Question

A 1850 kg car traveling at 13.8 m/s collides with a 3100 kg car that is initally at rest at a stoplight. The cars stick together and move 1.91 m before friction causes them to stop. Determine the coefficient of kinetic friction between the cars and the road, assuming that the negative acceleration is constant and all wheels on both cars lock at the time of impact.

Answer 1

To solve this problem, it is necessary to apply the concepts related to the conservation of momentum, the kinematic equations for the description of linear motion and the definition of friction force since Newton's second law.

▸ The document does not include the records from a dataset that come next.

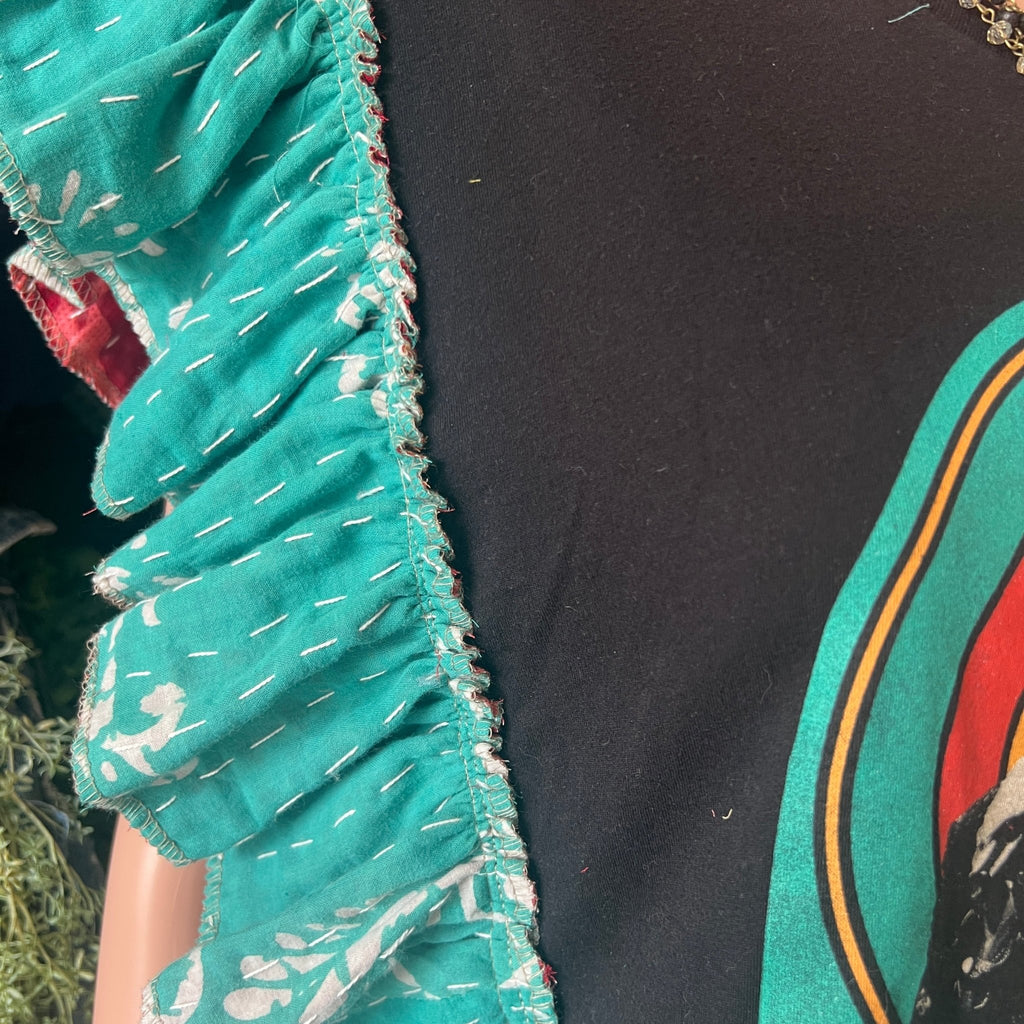 Rod Stewart upcycled Kantha ruffle sleeve festival tee - Main Street Threads
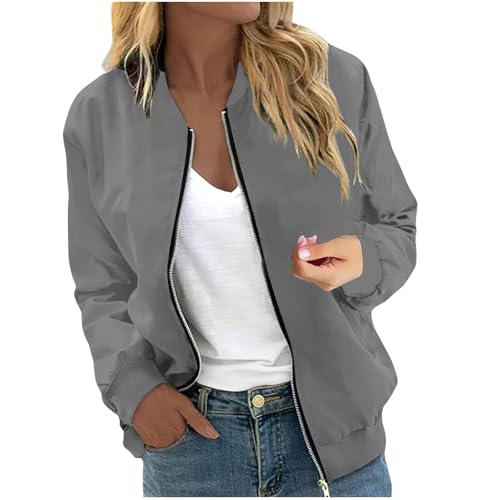 Generisch 2025 - Damen Casual Floral Zip Up Jacke Frühling Langarm Mantel Ständer Leichte Kurze Outwear Tops Mantel Weich Damen (Light Gray, M) von Generisch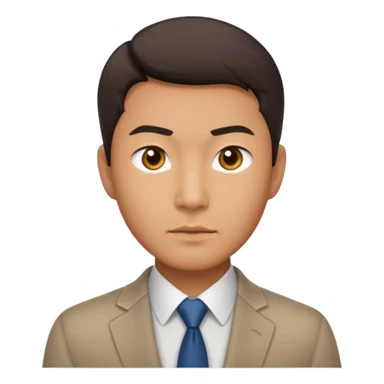 A proud Asian man embodying a sharp sense of rationality and a keen eye for smart, ambitious career moves. sticker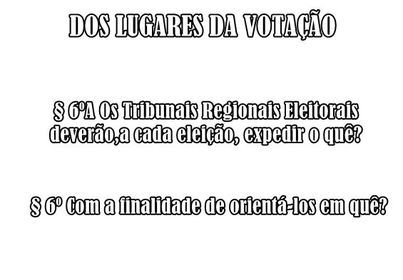 1) expedir instruções aos Juízes Eleitorais. 2) para orientá-los na escolha dos locais de votação de mais fácil acesso para o eleitor def...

The conservation of momentum can be expressed mathematically as

`m_1v_1+m_2v_2 = (m_1+m_2)v_f`

Where,

`m_(1,2)`= Mass of each object

`v_(1,2)` = Initial Velocity of each object

`v_f`= Final velocity

Replacing we have that,

`m_1v_1+m_2v_2 = (m_1+m_2)v_f`

`1850*13.8+3100*0 = (1850+3100)v_f`

`v_f = 5.1575m/s`

With the final speed obtained we can determine the acceleration through the linear motion kinematic equations, that is to say

`v_f^2-v_i^2 = 2ax`

Since there is no initial speed, then

`v_f^2 = 2ax`

`5.1575^2 = 2a (1.91)`

`a = 6.9633m/s^2`

Finally with the acceleration found it is possible to find the friction force from the balance of Forces, like this:

`F_f = F_a \\\mu N = m*a \\\mu = (ma)/(N)\\\mu = (ma)/(mg)\\\mu = (a)/(g)\\\mu = (6.9633)/(9.8)\\\mu = 0.7105`

Therefore the Kinetic friction coefficient is 0.7105